But then he was turned loose in the barracks after basic, where there were other young men like himself, willing to "work hard and play hard."
Leaving the Army after about 11/2 years just doesn't sit well with him.
"One of my goals and one of my prayers through this process of bettering my life is that I can put myself in a position where I have another opportunity to serve in the United States military," Kohlstrunk said.
He is just one of 36 veterans of the 294 men staying at the Hope Center's recovery program and emergency shelter, a proportion that is smaller than the national average.
According to the Department of Veterans Affairs, of the adult homeless population in the United States, about a third have served their country in the Armed Services. The VA estimates about 154,000 male and female veterans are homeless on any given night. Poverty and living conditions put many others at risk.
Some are fighting the lingering mental and emotional effects of post-traumatic stress, some are battling substance abuse problems and some have to war against both.
Kim Livisay, the center's director of community relations, said the new George Privette Recovery Center for Men, a 96-bed facility that opened this year, was built to expand services to homeless men dealing with addictions.

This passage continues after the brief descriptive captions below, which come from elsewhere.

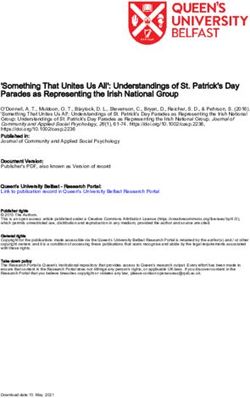 Something That Unites Us All': Understandings of St. Patrick's Day Parades as Representing the Irish National Group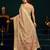 Women's beige muga cotton meena zari woven saree with blouse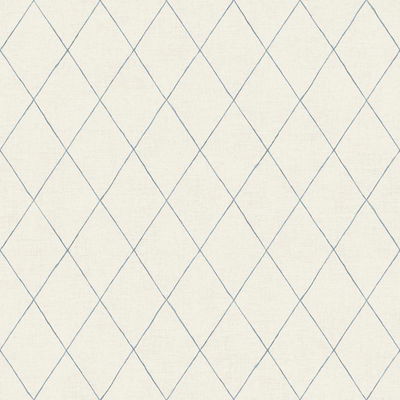 A-Street Prints Rhombus Blue Geometric Wallpaper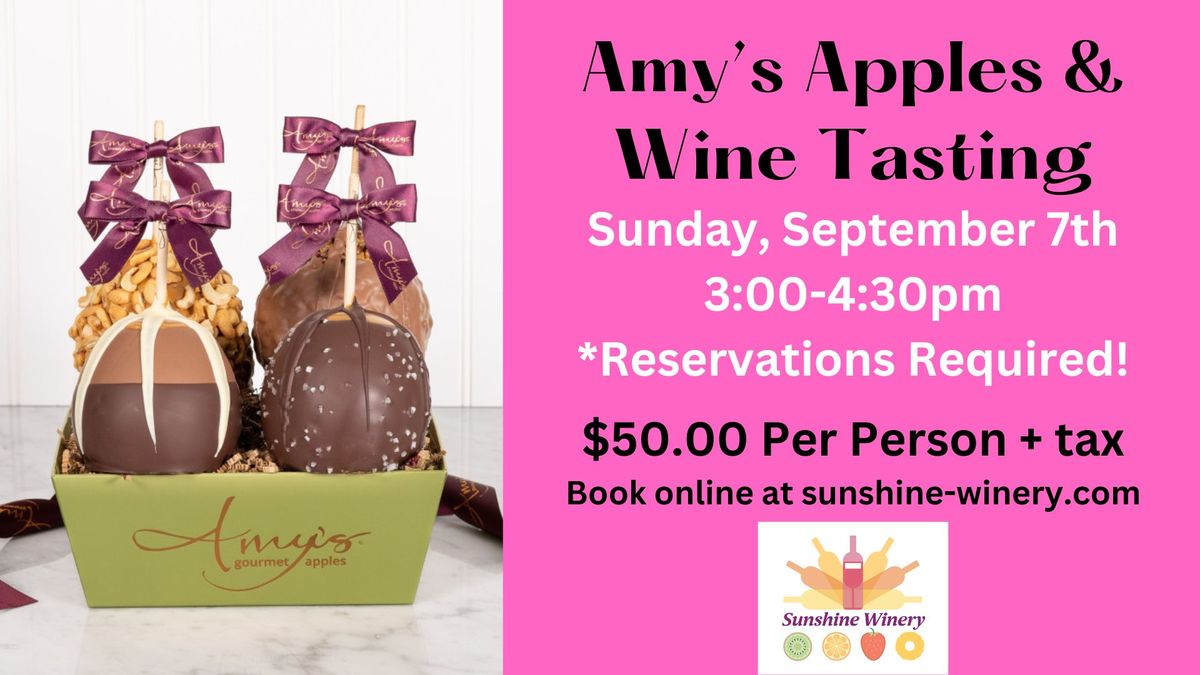 Amy's Apples and Wine Tasting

Kohlstrunk has lived there for 31/2 months this time, his second go-round in the six-month program. This time he plans to stick with it because he entered the program voluntarily, and sticking with it could be the leverage he wants to once again wear a military uniform.
What about the men and women who at least attempted to keep democracy intact but failed due to a flaw in their humanity? Should we give them at least a tip of our hats today?
Everett Martin, 55, another participant in the program, joined the Army Reserves in 1977 before allowing his addictions to over take better judgment.
He was using heroin the entire time, and was discharged because he missed too many meetings. His father had been a career serviceman.
Martin served three years in prison for stealing to support his habit, before being paroled. He married, moved to Louisville, but he soon gave into his addictions and was returned to prison.
"I've been using drugs since I was 13," he said, starting when he began sniffing the glue he used to make model cars.
Despite bouts of sobriety, he would succumb to a need to reward himself for his good behavior and fall quickly back into his addictions.
Still, he looks back fondly on his stay in the military.
"The Army did something for me, and I was pretty good at it, too," Martin said. "I can do pretty much anything I want to."
And what he wants now is to stay clean and use his skills to perform the work God has assigned him.
"Because of God I'm here today," Martin said. "I think he has something for me to do, but I can't do it if I'm on drugs and alcohol.
"I am here, working this program so it will be revealed what God wants me to do," he said.
It is and will be a struggle, Kohlstrunk said because, "No matter where I go or what I do, I take myself with me."
Some men and women go into service with problems and bring them back out. Others leave with considerably more issues than when they entered.
Either way, they are human beings who served their country — or tried to — despite their limitations.
They deserve acknowledgement on this Veterans Day as well.